Вид с Лубянки. "Дело" бывшего генерала КГБ. Месяц первый (Калугин) - страница 11

Не любивший читать "литератор" Брежнев ослабил железную хватку и контроль над духовной жизнью общества, но заведенный однажды механизм тайного надзора за потенциальными смутьянами продолжал по инерции безотказно действовать.

Думается, не только страх перед вольномыслием побуждал КГБ бесцеремонно вторгаться в частную жизнь многих ученых и писателей, музыкантов и художников, спортсменов и служителей церкви.

Наша печать писала о "культе посредственности", который складывался в стране в семидесятых — начале восьмидесятых годов, когда на руководящие посты выдвигались по принципу личной преданности и оттеснялись люди со способностями и собственным мнением, когда политические, деловые, моральные качества ряда руководителей, в том числе высшего ранга, формировались под влиянием и в окружении беспринципных карьеристов, разложившихся людей.

Эти "баловни судьбы" редко интересовались политическими убеждениями интеллектуальной элиты. Их раздражала независимость, отчужденность недоступной их пониманию среды, всегда сторонившейся пылких объятий аппарата. С помощью же КГБ они как бы проникали в творческую лабораторию и личную жизнь художника, приобщались к его таланту и возвышали тем самым свое "я". Они испытывали немалое удовлетворение, если "звезда" мировой величины вдруг оказывалась на уровне их представлений о порочной природе человека ("Он такой же, как все!"). Еще бы, разве не щекочут нервы подробности любовной связи знаменитого поэта с журналисткой из Мексики или роман не менее знаменитой балерины с итальянским актером! А какая досада охватывала контролеров из КГБ, когда известный академик говорил не менее известному писателю: "Пойдем, друг, побеседуем лучше на свежем воздухе!"

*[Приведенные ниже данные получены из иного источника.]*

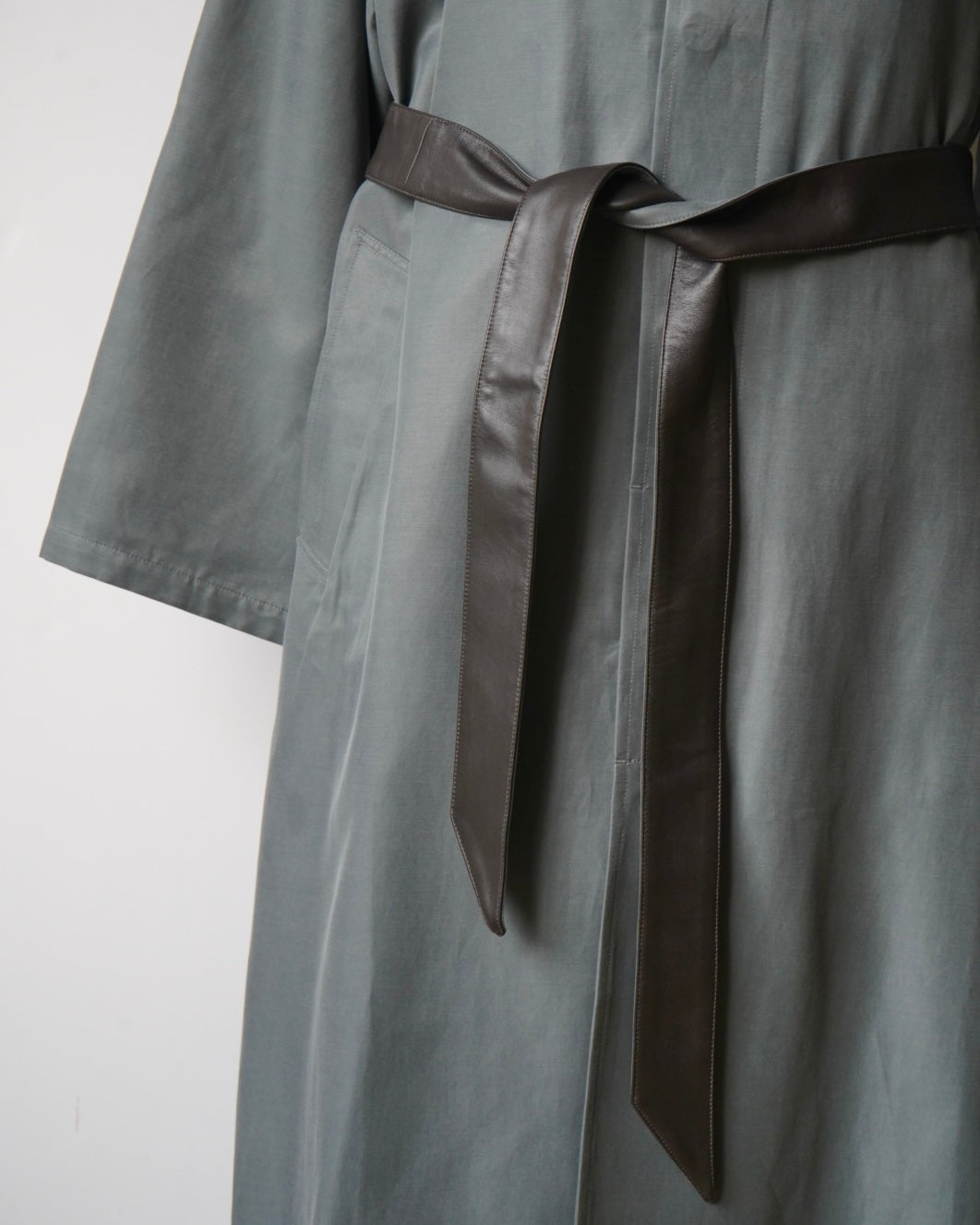 OVERSIZED TRENCH WITH LEATHER PATCH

Позволив КГБ обращаться с гражданскими правами своих соотечественников как с пустыми декларациями, партийно-советская верхушка позаботилась о том, чтобы оградить себя непроницаемой завесой от всевидящего ока своих пинкертонов. Согласно утвержденным в брежневские годы инструкциям, любые поступающие в КГБ негативные материалы, касающиеся определенной номенклатуры должностных лиц, подлежали немедленному уничтожению. Таким образом, фактически выводилась за рамки закона широкая прослойка руководителей. Малейшая попытка дать ход полученным материалам расценивалась как проявление беззакония, стремление "поставить органы над партией". Эта извращенная форма презумпции невиновности номенклатуры имела тяжелые последствия для всей страны. Любому человеку ясно, что существует прямая связь между преступлениями, совершенными руководящими партийными и советскими кадрами в Москве, Узбекистане, Казахстане и других регионах, и индульгенцией, дарованной им сверху в соответствии с духом и буквой упомянутых инструкций.